Gamma Curves for Capture
As explained capture gamma is the reciprocal of display gamma and therefore majority of cameras capture a standard video gamma (0.45) or in some cases an HDR gamma (logarithmic). I do not want this post to become a deep dive on HDR video of which I have written enough however to stay on course I want to compare traditional gamma (non linear) and log gamma.
In the following graph you see the bit codes output vs input of a standard video gamma (1/2.2) a cine gamma (1/2.6) and a log gamma (v-log).
In broad terms you can see that a video gamma produces an output of 3865 vs 16383 bits, a cinema gamma sets at 3166, while a Log gamma can take all 14 bits of data and still be within bit value 960.

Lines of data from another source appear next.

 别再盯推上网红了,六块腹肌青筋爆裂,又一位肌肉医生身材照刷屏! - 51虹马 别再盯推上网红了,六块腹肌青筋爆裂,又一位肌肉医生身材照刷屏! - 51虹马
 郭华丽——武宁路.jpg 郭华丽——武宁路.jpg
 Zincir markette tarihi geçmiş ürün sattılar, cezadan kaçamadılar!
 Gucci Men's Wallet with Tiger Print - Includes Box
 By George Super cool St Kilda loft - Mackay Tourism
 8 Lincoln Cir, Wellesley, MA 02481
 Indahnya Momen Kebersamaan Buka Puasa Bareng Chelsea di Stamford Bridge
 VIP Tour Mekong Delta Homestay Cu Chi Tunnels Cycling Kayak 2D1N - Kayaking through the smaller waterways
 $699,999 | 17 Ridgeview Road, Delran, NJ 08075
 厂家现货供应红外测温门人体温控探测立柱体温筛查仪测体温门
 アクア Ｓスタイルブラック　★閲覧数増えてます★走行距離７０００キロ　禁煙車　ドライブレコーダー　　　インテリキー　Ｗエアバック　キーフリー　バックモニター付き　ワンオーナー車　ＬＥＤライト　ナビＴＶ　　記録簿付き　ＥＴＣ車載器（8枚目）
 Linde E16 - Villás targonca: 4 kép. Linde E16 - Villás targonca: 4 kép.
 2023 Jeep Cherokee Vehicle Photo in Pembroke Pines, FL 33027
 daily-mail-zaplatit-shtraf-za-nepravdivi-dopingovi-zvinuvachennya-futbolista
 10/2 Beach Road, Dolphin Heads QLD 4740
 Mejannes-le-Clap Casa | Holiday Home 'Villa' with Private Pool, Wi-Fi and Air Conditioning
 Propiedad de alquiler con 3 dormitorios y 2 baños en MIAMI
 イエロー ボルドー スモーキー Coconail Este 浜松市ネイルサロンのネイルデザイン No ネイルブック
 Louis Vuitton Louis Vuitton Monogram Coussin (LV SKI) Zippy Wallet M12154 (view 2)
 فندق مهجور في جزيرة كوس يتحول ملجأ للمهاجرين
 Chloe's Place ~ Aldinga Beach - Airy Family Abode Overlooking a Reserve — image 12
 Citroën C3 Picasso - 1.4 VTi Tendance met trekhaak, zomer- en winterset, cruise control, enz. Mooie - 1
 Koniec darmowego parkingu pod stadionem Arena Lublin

It follows that to store the whole set of values read at 14 bits into a 10 bits container a standard gamma needs to do some scaling while a log gamma does not need scaling to fit into a 10 bits container. This also explains why exposure values in log are 2 stops higher than standard video for a 14 bit range, while for a 12 bit range the offset is one stop. As the meter is using a standard RGB gamma all values are rescaled back.
You notice that at no point here I have made references to dynamic range. The camera dynamic range is solely related to the maximum well capacity vs the read noise and it does not relate to the gamma curve being used, however the different compression of the gamma curve have an effect on how tones are mapped and on the perceived dynamic range.
Camera Dynamic Range vs Display Dynamic Range
The overall camera dynamic range influences what you can do with your content and if it is worthwhile to produce an HDR version or not.
If we compare the previous table of display dynamic range vs camera dynamic range and we focus on nominal values (SNR=1) and photographic (SNR=20) we can see what device we need for our purpose.
Dynamic Range by Sensor Type
We can see that if all we need to do is to output on a mobile device or a computer monitor smaller sensor are adequate, however for HDR production larger format are preferred. Obviously we can stretch SNR to lower values and this will upgrade the above table of 1 stops or so but not change our reasoning substantially.
Gamma curves vs Bit codes mapping
The various gamma curves have a different distribution of tones (bit values), in this table I compare a video gamma vs cinema a reduced 12 stops log and a full Vlog for a full frame sensor camera.
For the purpose of this comparison blacks are bit codes in the lowest 10%, Shadows are up to 18%, midtones up to 75%, highlights up to 90% and whites above. Blacks and whites do not have color information but just brightness while shadows, midtones and highlights contain respectively dark, medium and light hues.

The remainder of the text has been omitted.